If you are planning to appoint a new director to work in your business who will also acquire shares in your company then, as well as drawing up a service level agreement to govern their employment, you will also need to consider whether you need to make any changes to your current shareholder agreement.
As Dr Saverio Salandra, commercial lawyer explains:
‘Among the many things you will need to think about is how much power the new director-member will be able to wield, whether steps need to be taken to prevent the power held by existing members from being diluted, how you can ensure that you have the right to buy back the shares you have issued if the new director-member leaves, and the safeguards you can put in place to prevent them thwarting a future company sale.’
We have a team of company lawyers who can advise you on the steps needed to ensure that the appointment of a new director-member goes smoothly, and that processes and procedures are put in place to deal effectively with their future exit and any possible disputes that may arise about the nature and extent of their role, rights and responsibilities.
We can do this by undertaking a review of your current shareholder agreement and any other relevant documentation, including your company’s articles of association. These should mirror your shareholder agreement to avoid the risk of the two documents containing conflicting provisions which could provide fertile ground for a dispute.
Where you do not currently have a shareholder agreement in place, we can help you to draft one that meets all members’ requirements and protects the company’s interests.
Points to consider when appointing a new director-member
Where you have an existing shareholder agreement, it is important to remember that you can only make changes to this if all current members agree.

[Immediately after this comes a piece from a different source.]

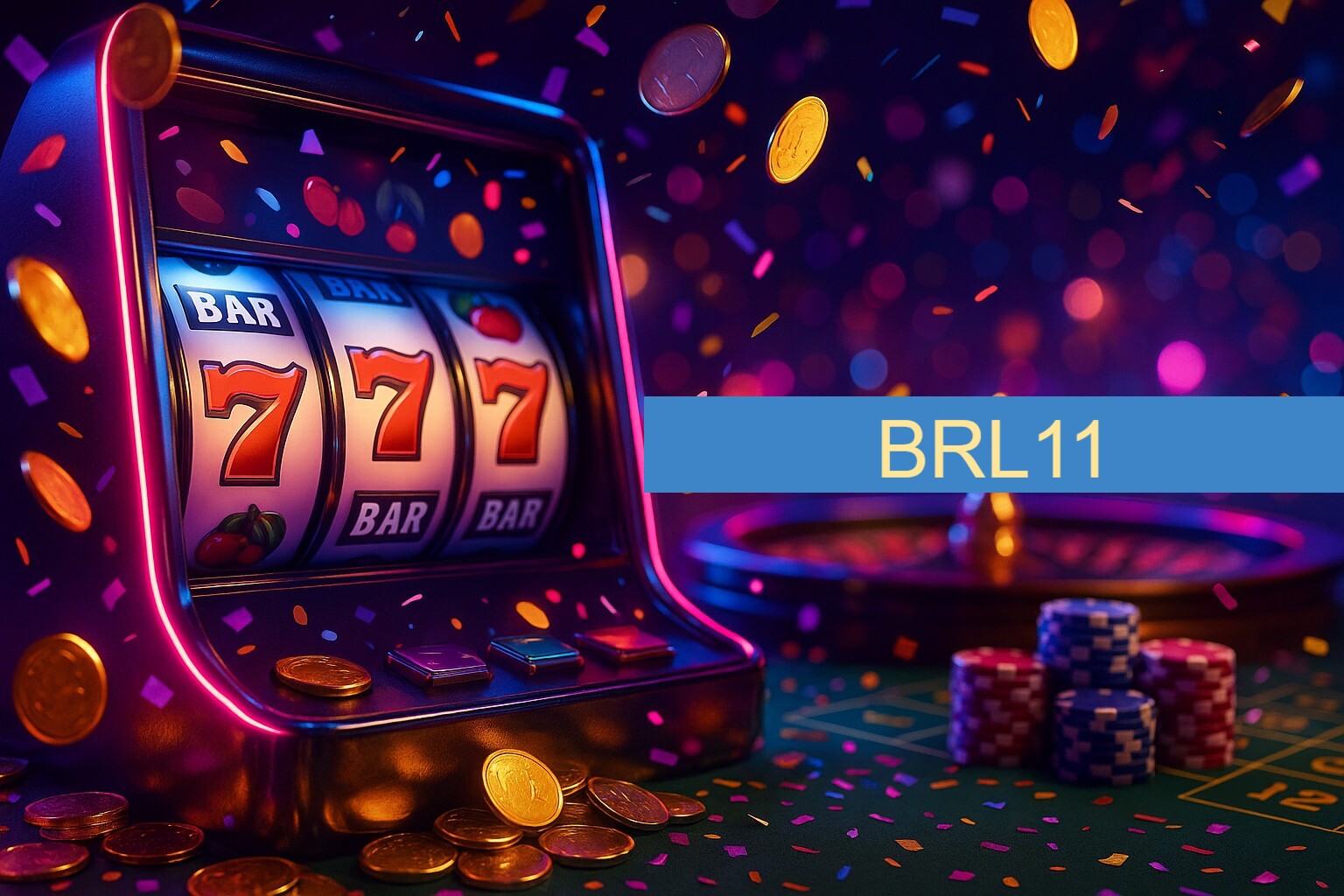 Benefícios dos Slots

It is therefore important to start thinking about any amendments or additions that you might like to make well in advance of a new director-member being appointed.
Topics for discussion between existing members include:
- what role and responsibilities the new director-member will have;
- any limits that will be imposed on their powers;
- any in-post or post-termination restrictions that will apply, i.e. to prevent them misusing confidential information or from setting up on their own account in competition with you, both while ‘in role’ and for a defined period afterwards;
- how many shares it is proposed that they will receive;
- whether the shares on offer must be bought, or if they will form part of an employment benefits package;
- the nature of the new director-member’s voting rights and any safeguards needed to prevent dilution of other members’ voting strength;
- whether the new director-member will be obliged to sell their shares back to the company or to other members if they quit as a director, or if they are fired – which is a particularly important consideration in the context of a family-run business where there is a defined succession plan in place;
- whether a ban should be imposed on the new director-member selling their shares to a third party, including known competitors;
- how the new director-member’s shares will be valued at the point of sale, and if the approach taken to valuation will depend on whether their exit from the business is on good or bad terms;
- whether a drag-along provision is appropriate, so that the new director-member can be forced to sell their shares if the existing members choose to sell the company;
- what will happen to the new director-member’s shareholding if they die; and
- what will happen should the director-member be declared bankrupt.
If you carry out a review of your existing shareholder agreement and decide that it adequately covers all of the above points, plus anything else that you are concerned about, then that is fine. However, it is important to remember that for the agreement to be binding on the new director-member, they will have to consent to be bound by its terms and the usual way to evidence this is for them to sign a deed of adherence prepared by a lawyer.
Service level agreement
To ensure that all of your contractual documentation is aligned, we would strongly recommend that at the same time as updating or revising your shareholder agreement (and articles of association where required), you also make arrangements for the drafting of a comprehensive service level agreement.
This is particularly important where your new director-member will assume a key role within your business. They will have access to confidential and commercially sensitive information that it is in your interests to protect and preserve.
By having a professionally drawn up service level agreement in place, you can ensure that your new director understands what is expected of them in their role as a senior company employee and the consequences that will flow if:
- their performance is not up to scratch;
- they do not comply with their duties under the Companies Act 2006 or any other regulatory or common law requirements;
- they fail to put the company’s interests first;
- they breach a fundamental term of their appointment; or
- they are formally removed from their directorship position.